JEFFERSON CITY, Mo. (AP) -- A panel of Missouri lawmakers endorsed a bill Wednesday that would ban abortions of viable fetuses after the 20th week of pregnancy unless the abortion was necessary to save the life or physical health of the mother.
The House Health Care Policy Committee voted 9-1 to pass the bill, sponsored by House Majority Leader Tim Jones, R-Eureka.
Jones' proposal would require doctors to determine whether a fetus older than 20 weeks would be viable outside of the mother's womb using tests of the fetus' gestational age, weight and lung function. Abortions at that stage of a pregnancy make up only a small percentage of the procedures in Missouri, according to government statistics.
The bill changes the definition of viability to include life that can be "sustained" outside of the womb with or without life support instead of life that can be "continued indefinitely."
If the fetus is found to be unviable, a doctor would have to report to the state why the child was unviable after performing the abortion. For viable fetuses, a second doctor would have to confirm that the abortion is necessary to save the mother's life or major bodily function before performing the abortion.
Pamela Sumners, the executive director of the pro-abortion rights group NARAL Pro-Choice Missouri, said her group opposes the bill, especially the requirement for a second doctor to approve of an abortion.
"I just don't know why legislators would presume to second-guess the opinion of a licensed and certified physician," Sumners said.
Under the proposal, an abortion of a viable fetus could only be performed if the woman's life were endangered by a physical disorder, illness or injury or if continuing the pregnancy would permanently impair one of her major bodily functions.
Those exceptions do not appear to include the mother's mental health.
Samuel Lee, founder of the anti-abortion rights group Campaign Life Missouri, said that change is welcomed by pro-life groups.
"What we've had in Missouri and other states is abortions being performed for no reason," he said. "The law in Missouri needs to reflect what health really means."
Sumners countered, saying the change was a departure from legal precedents dating back to the 1973 decision of Roe v. Wade.

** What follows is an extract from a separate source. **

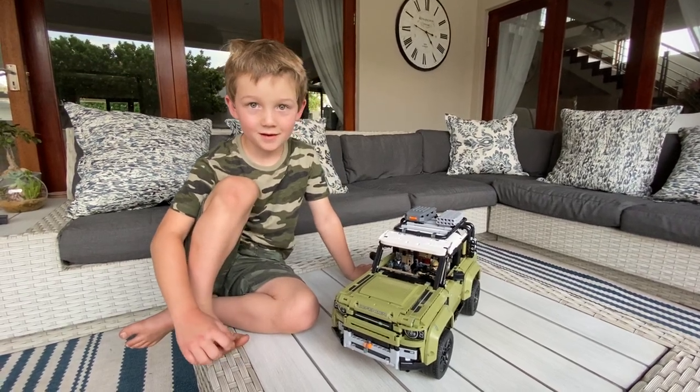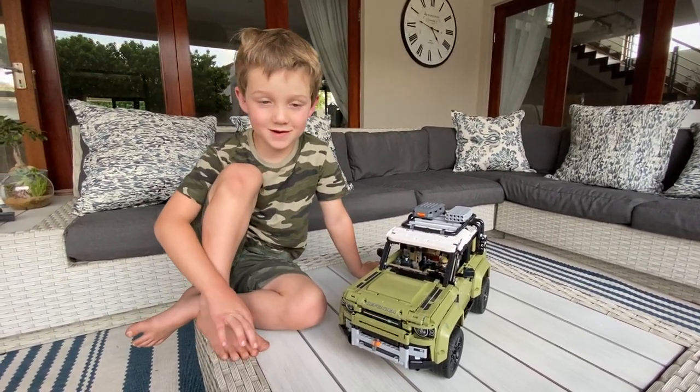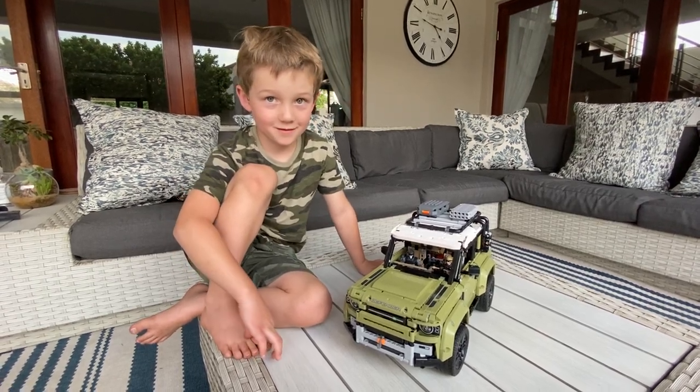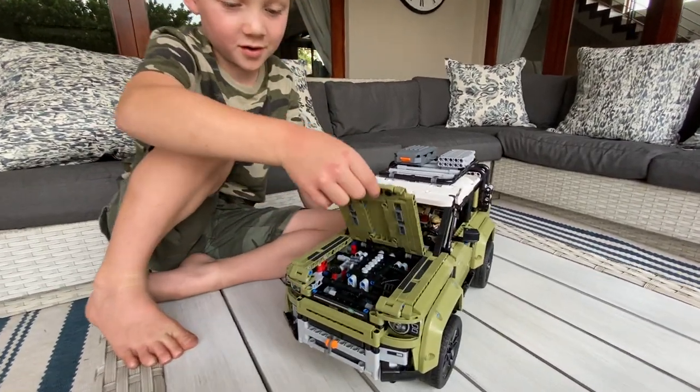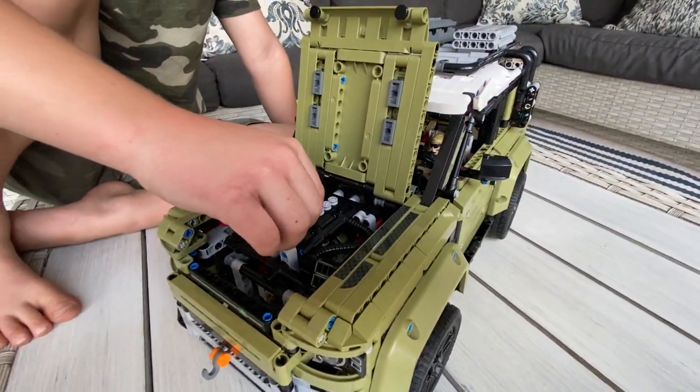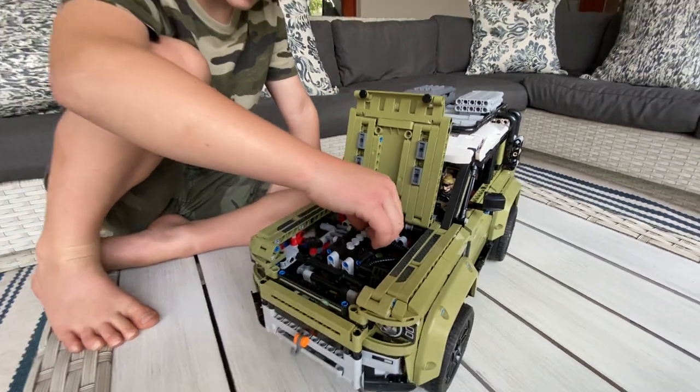Okay, so today welcome to Camo Kids channel, and they'll be showing you the Lego Defender. I lift the bonnet and the pistons move up and down, all of them.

"Psychological and emotional health have always been factors that have to be considered and provided for by the legislature," Sumners said.
The bill would make it a felony for a doctor to violate any of its provisions. Doctors would face at least a year in prison and a possible three-year suspension of their medical license.
Paula Gianino, president of the Planned Parenthood of the St. Louis Region, said abortions performed after 20 weeks are rare and are usually done in cases of emergency or when there has been a problem with the pregnancy.
Vital statistics from the Department of Health and Senior Services show that fewer than 5 percent of the more than 10,800 abortions performed statewide in 2009 involved fetuses over 17 weeks of gestational age. Of those 469 that did, 77 were performed after the fetus was older than 21 weeks. The vital statistics did not specify how many of those fetuses were viable.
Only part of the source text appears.